La explosión acabó con todo lo que había dentro, pero Henry que estaba acompañado de su esposa Virgelina y de Pacheco, un joven que trabajaba en la finca recogiendo café, lograron esconderse debajo de una cama. En medio del polvo y el humo que provocó la explosión, Henry intentó dispararles desde el baño, pero recibió el primer tiro en la espalda y cayó al suelo. Los paramilitares lograron entrar a la casa y lo remataron con otros seis disparos a quemarropa que acabaron con su vida.

Revolcaron toda la casa. Sacaron ollas, levantaron colchones y cama y rasgaron las ropas que estaban guardadas en el armario. No encontraron un peso o algo de valor. Virgelina, que había logrado escabullirse hacia la tienda que ella misma administraba en su casa, reconoció un hombre que los acompañaba. Atravesada por el dolor, los maldijo por haber matado a su esposo. Los paramilitares, no contentos con lo que habían hecho, se regresaron y le pegaron dos tiros que acabaron con su vida al instante.

A las 6 de la mañana mi hermano Alirio Castro, quien vivía un kilómetro más arriba, bajó corriendo hasta el pueblo para avisarme lo que había sucedido y a los demás familiares que vivían en Suaza, un pueblo cercano. Yo estaba embarazada, y quedé muda con la noticia, pero logré sacar fuerzas para llamar a Hugo y contarle lo que había sucedido, me dirigí hasta la Policía junto a mi otro tío Rafael para informarles lo que pasó. Sin embargo, en la estación solo encontramos indiferencia: “Nosotros no vamos por allá. Hagan ustedes mismos el levantamiento de los cuerpos”, fue la respuesta del comandante.

Me devolví para la casa de mi tío Henry y cogimos la camioneta para recogerlos. Cuando llegamos estaban todos los vecinos alrededor de la puerta, pero ninguno fue capaz de entrar. Bajamos los cuerpos de mi tío y mi madrina Virgelina hasta la morgue. Decidí llamar a mi esposo Hugo Prada, que 20 días antes se había ido para Bogotá sus sobrinos porque la guerrilla los estaba acechando para reclutarlos y a él para matarlo solo porque nuestro hijo estaba en el Ejército.

Desde Florencia, Medellín, Cali, La Plata, San Agustín y Bogotá llegaron varios familiares para el entierro de Henry. Pero solo se quedaron una noche. Después del entierro, cada uno se desparpajó y me quedé sola.

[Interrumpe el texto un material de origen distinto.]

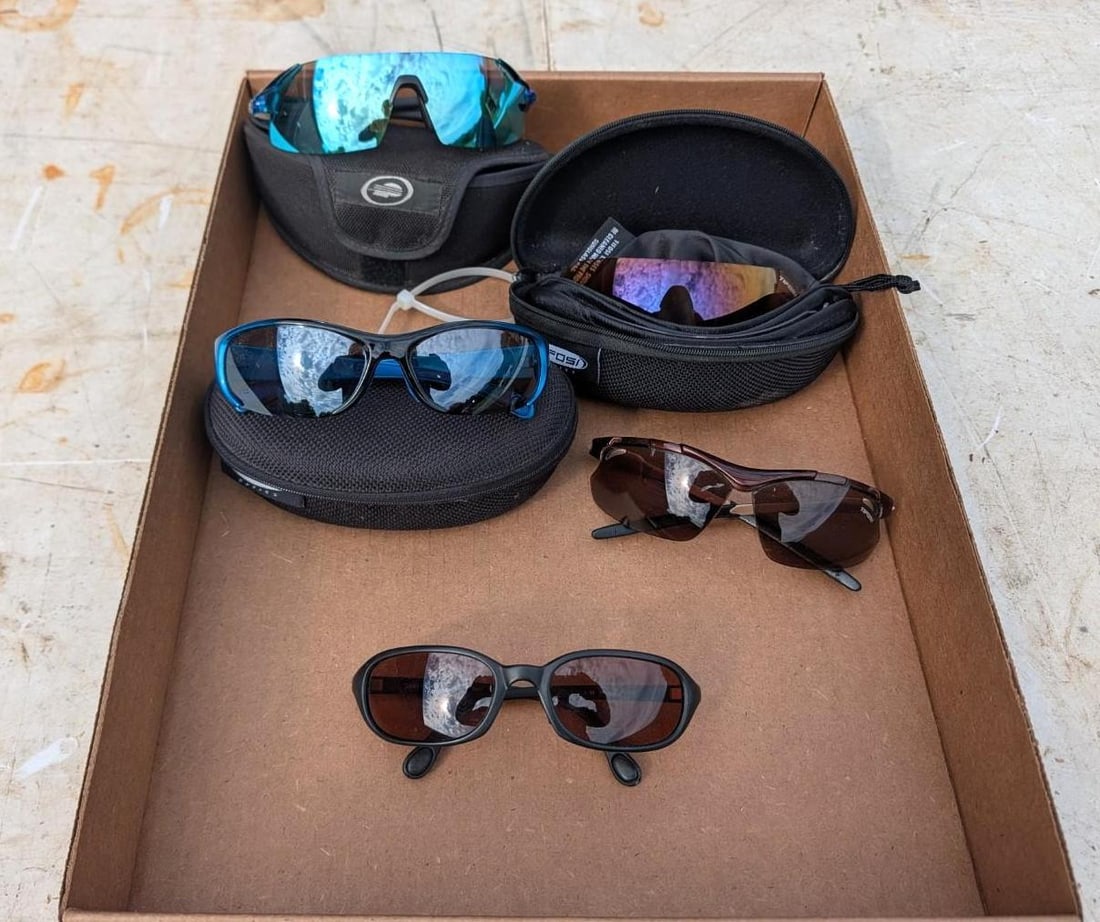 (5+/-) Pairs of Sunglasses: including Serengeti, Tifosi and others, Location: Garage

La finca de mi tío se la entregamos a un hombre para que la administrara, pero solo duró 15 días después de que llegara un panfleto exigiendo hablar con el que estaba encargado. Los paramilitares nos pusieron una sentencia: nos iban a quitar todo lo que teníamos, la finca, la camioneta y nos pidieron una plata.

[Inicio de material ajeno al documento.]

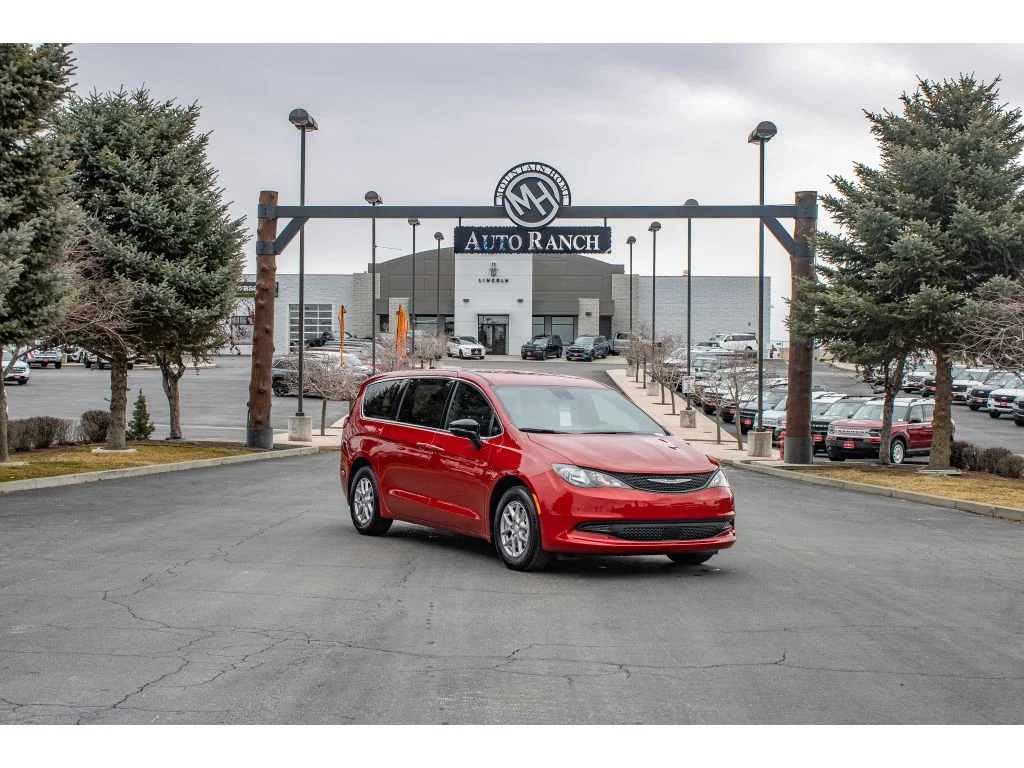 2026 Chrysler Voyager LX's photo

Yo llamé a Hugo, que se había regresado para Bogotá, para contarle lo que estaba pasando. Hugo viajó ese mismo día y por la noche llegaron los paramilitares hasta mi casa. Le dijeron que al otro día lo verían a las 8 de la mañana en la estación de gasolina para “negociar”.

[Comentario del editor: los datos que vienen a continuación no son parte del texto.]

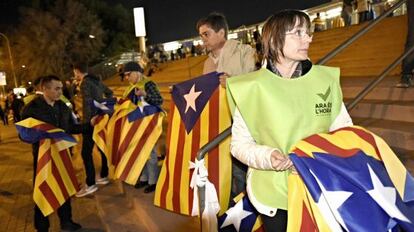 Alguns dels 300 voluntaris repartint estelades a l'entrada del Camp Nou.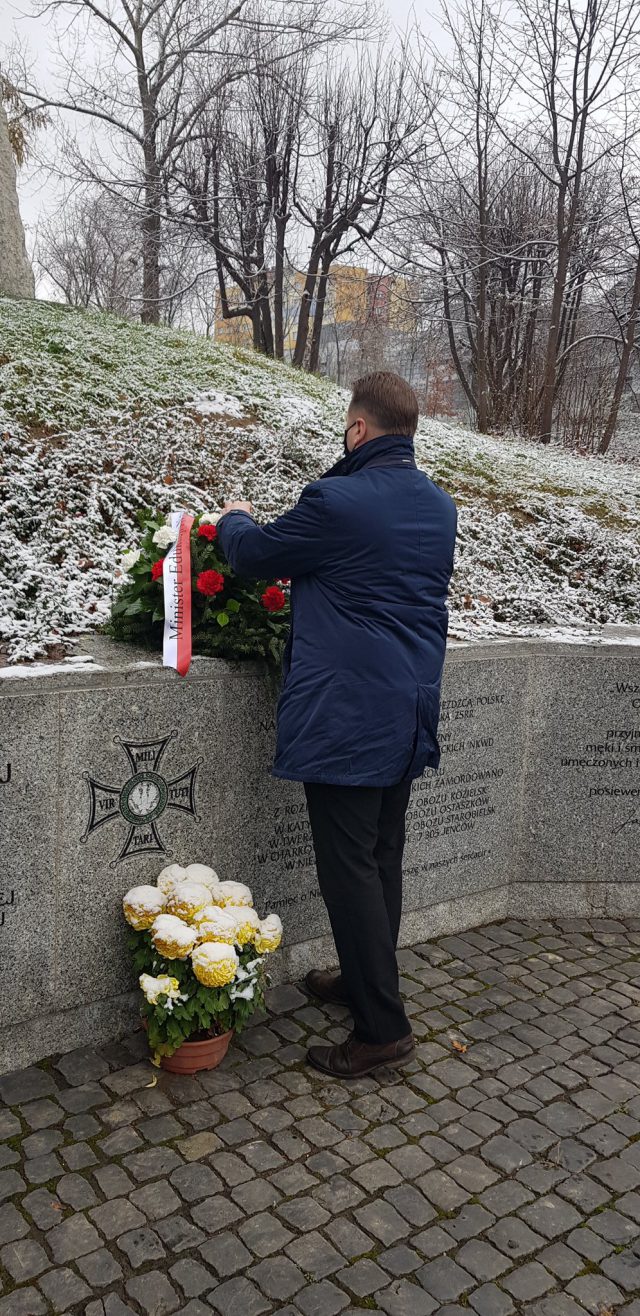 Minister edukacji narodowej Przemysław Czarnek złożył świeże kwiaty przy pomniku Ofiar Zbrodni Katyńskiej w Lublinie (zdjęcia)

“No lo voy a dejar solo, yo lo acompaño”. Al otro día nos llevaron hasta el campamento y nos sentaron junto a una mesa de billar y una pequeña banca. A Hugo lo llamaron aparte pero yo escuché todo lo que le exigieron: 100 millones de pesos. “No hay plata”, fue la respuesta de Hugo. A las 6 de la tarde los paramilitares nos rebajaron la vacuna, y nos exigieron 15 millones. Cuando nos devolvieron al pueblo, a mi esposo lo montaron en el platón de la camioneta junto a otros tres hombres. “Es la primera vez que subimos a alguien a la última lágrima y lo regresamos vivo”.

Buscar la plata fue toda una odisea. Teníamos que darles la primera parte en un mes, y luego diez millones más. Tuvimos que entregarles la camioneta y la casa del pueblo. Cuando les entregamos las cosas a los paramilitares, les pedimos que no dejaran a Eduard y Arnubio, los hijos de mi tío, que no los dejaran sin nada. “No les vamos a dejar puta mierda”, fue la respuesta que recibimos. Sin embargo, no se quedaron con la finca.

Mi esposo y yo queríamos salir de Acevedo, el miedo nos llevó hasta Belén de los Andaquíes desde hace diez años, luego de pasar por otras partes donde la guerra también nos persiguió sin compasión alguna. Sin embargo, y dentro de todo este proceso, logramos recuperar la tranquilidad en Belén después de la firma del acuerdo de paz. En mi vereda me eligieron como  presidenta de la junta de acción comunal Aletones, y aunque no ha sido fácil, he logrado construir un grupo de mujeres que le pusimos el pecho al liderazgo en la región. Nosotros lo único que esperamos es que el proceso de paz sea duradero.